== Segment start ==

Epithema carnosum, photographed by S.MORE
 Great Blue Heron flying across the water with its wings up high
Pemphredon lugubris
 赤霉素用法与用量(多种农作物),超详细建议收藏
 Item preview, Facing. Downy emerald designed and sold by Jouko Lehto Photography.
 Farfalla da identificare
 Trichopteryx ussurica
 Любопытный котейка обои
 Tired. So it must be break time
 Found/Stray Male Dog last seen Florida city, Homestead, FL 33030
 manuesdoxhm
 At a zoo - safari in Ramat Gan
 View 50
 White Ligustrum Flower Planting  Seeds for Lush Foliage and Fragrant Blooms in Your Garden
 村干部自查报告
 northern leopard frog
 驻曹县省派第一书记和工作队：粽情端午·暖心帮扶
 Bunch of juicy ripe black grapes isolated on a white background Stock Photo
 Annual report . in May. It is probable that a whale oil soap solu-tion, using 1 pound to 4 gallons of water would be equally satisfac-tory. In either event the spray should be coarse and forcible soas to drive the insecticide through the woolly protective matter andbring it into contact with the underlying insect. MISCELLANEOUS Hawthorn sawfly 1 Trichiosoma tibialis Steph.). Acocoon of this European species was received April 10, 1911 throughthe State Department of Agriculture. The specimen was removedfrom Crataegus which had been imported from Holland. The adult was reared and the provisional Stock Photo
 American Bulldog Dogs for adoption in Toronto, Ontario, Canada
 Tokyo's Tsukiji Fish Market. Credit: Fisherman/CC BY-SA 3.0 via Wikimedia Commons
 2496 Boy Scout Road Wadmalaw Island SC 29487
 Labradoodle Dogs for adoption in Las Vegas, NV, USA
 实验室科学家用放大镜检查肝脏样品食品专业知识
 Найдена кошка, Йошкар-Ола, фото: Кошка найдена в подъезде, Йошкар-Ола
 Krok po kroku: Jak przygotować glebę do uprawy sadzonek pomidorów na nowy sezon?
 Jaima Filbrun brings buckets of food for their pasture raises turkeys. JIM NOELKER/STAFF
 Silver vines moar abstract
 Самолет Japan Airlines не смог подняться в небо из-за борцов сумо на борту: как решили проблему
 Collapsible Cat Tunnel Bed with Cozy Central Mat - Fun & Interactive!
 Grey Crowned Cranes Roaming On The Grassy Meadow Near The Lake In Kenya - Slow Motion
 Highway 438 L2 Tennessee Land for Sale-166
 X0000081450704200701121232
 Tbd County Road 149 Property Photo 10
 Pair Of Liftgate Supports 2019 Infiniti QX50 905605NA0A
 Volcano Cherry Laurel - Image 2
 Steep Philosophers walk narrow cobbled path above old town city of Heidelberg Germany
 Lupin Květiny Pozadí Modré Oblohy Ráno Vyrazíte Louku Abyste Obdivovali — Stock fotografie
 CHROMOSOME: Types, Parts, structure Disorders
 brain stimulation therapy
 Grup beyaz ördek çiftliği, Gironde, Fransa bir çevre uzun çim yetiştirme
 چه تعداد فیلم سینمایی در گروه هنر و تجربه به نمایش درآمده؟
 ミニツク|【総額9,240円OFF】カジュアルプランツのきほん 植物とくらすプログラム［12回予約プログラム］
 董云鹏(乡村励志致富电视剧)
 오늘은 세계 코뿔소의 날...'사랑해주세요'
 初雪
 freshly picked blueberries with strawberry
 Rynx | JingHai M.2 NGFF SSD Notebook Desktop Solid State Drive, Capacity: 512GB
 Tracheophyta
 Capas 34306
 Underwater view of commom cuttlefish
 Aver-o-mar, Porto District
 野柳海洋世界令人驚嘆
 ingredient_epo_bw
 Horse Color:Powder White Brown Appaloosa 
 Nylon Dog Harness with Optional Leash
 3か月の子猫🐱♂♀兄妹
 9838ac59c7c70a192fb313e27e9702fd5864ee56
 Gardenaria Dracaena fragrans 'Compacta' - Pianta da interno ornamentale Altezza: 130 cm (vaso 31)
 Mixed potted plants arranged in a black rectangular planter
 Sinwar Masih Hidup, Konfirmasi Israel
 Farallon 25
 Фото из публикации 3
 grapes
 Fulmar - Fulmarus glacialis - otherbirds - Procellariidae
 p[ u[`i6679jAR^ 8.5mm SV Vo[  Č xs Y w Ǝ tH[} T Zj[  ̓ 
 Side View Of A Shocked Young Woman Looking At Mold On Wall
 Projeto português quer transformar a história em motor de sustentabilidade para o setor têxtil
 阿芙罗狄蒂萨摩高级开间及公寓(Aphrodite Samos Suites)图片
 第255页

== Segment end ==

**HOW TO COMPLETE THIS TASK:**
All of the data, start to finish: please output it exactly.

**WRITTEN RESPONSE:**
Epithema carnosum, photographed by S.MORE
 Great Blue Heron flying across the water with its wings up high
Pemphredon lugubris
 赤霉素用法与用量(多种农作物),超详细建议收藏
 Item preview, Facing. Downy emerald designed and sold by Jouko Lehto Photography.
 Farfalla da identificare
 Trichopteryx ussurica
 Любопытный котейка обои
 Tired. So it must be break time
 Found/Stray Male Dog last seen Florida city, Homestead, FL 33030
 manuesdoxhm
 At a zoo - safari in Ramat Gan
 View 50
 White Ligustrum Flower Planting  Seeds for Lush Foliage and Fragrant Blooms in Your Garden
 村干部自查报告
 northern leopard frog
 驻曹县省派第一书记和工作队：粽情端午·暖心帮扶
 Bunch of juicy ripe black grapes isolated on a white background Stock Photo
 Annual report . in May. It is probable that a whale oil soap solu-tion, using 1 pound to 4 gallons of water would be equally satisfac-tory. In either event the spray should be coarse and forcible soas to drive the insecticide through the woolly protective matter andbring it into contact with the underlying insect. MISCELLANEOUS Hawthorn sawfly 1 Trichiosoma tibialis Steph.). Acocoon of this European species was received April 10, 1911 throughthe State Department of Agriculture. The specimen was removedfrom Crataegus which had been imported from Holland. The adult was reared and the provisional Stock Photo
 American Bulldog Dogs for adoption in Toronto, Ontario, Canada
 Tokyo's Tsukiji Fish Market. Credit: Fisherman/CC BY-SA 3.0 via Wikimedia Commons
 2496 Boy Scout Road Wadmalaw Island SC 29487
 Labradoodle Dogs for adoption in Las Vegas, NV, USA
 实验室科学家用放大镜检查肝脏样品食品专业知识
 Найдена кошка, Йошкар-Ола, фото: Кошка найдена в подъезде, Йошкар-Ола
 Krok po kroku: Jak przygotować glebę do uprawy sadzonek pomidorów na nowy sezon?
 Jaima Filbrun brings buckets of food for their pasture raises turkeys. JIM NOELKER/STAFF
 Silver vines moar abstract
 Самолет Japan Airlines не смог подняться в небо из-за борцов сумо на борту: как решили проблему
 Collapsible Cat Tunnel Bed with Cozy Central Mat - Fun & Interactive!
 Grey Crowned Cranes Roaming On The Grassy Meadow Near The Lake In Kenya - Slow Motion
 Highway 438 L2 Tennessee Land for Sale-166
 X0000081450704200701121232
 Tbd County Road 149 Property Photo 10
 Pair Of Liftgate Supports 2019 Infiniti QX50 905605NA0A
 Volcano Cherry Laurel - Image 2
 Steep Philosophers walk narrow cobbled path above old town city of Heidelberg Germany
 Lupin Květiny Pozadí Modré Oblohy Ráno Vyrazíte Louku Abyste Obdivovali — Stock fotografie
 CHROMOSOME: Types, Parts, structure Disorders
 brain stimulation therapy
 Grup beyaz ördek çiftliği, Gironde, Fransa bir çevre uzun çim yetiştirme
 چه تعداد فیلم سینمایی در گروه هنر و تجربه به نمایش درآمده؟
 ミニツク|【総額9,240円OFF】カジュアルプランツのきほん 植物とくらすプログラム［12回予約プログラム］
 董云鹏(乡村励志致富电视剧)
 오늘은 세계 코뿔소의 날...'사랑해주세요'
 初雪
 freshly picked blueberries with strawberry
 Rynx | JingHai M.2 NGFF SSD Notebook Desktop Solid State Drive, Capacity: 512GB
 Tracheophyta
 Capas 34306
 Underwater view of commom cuttlefish
 Aver-o-mar, Porto District
 野柳海洋世界令人驚嘆
 ingredient_epo_bw
 Horse Color:Powder White Brown Appaloosa 
 Nylon Dog Harness with Optional Leash
 3か月の子猫🐱♂♀兄妹
 9838ac59c7c70a192fb313e27e9702fd5864ee56
 Gardenaria Dracaena fragrans 'Compacta' - Pianta da interno ornamentale Altezza: 130 cm (vaso 31)
 Mixed potted plants arranged in a black rectangular planter
 Sinwar Masih Hidup, Konfirmasi Israel
 Farallon 25
 Фото из публикации 3
 grapes
 Fulmar - Fulmarus glacialis - otherbirds - Procellariidae
 p[ u[`i6679jAR^ 8.5mm SV Vo[  Č xs Y w Ǝ tH[} T Zj[  ̓ 
 Side View Of A Shocked Young Woman Looking At Mold On Wall
 Projeto português quer transformar a história em motor de sustentabilidade para o setor têxtil
 阿芙罗狄蒂萨摩高级开间及公寓(Aphrodite Samos Suites)图片
 第255页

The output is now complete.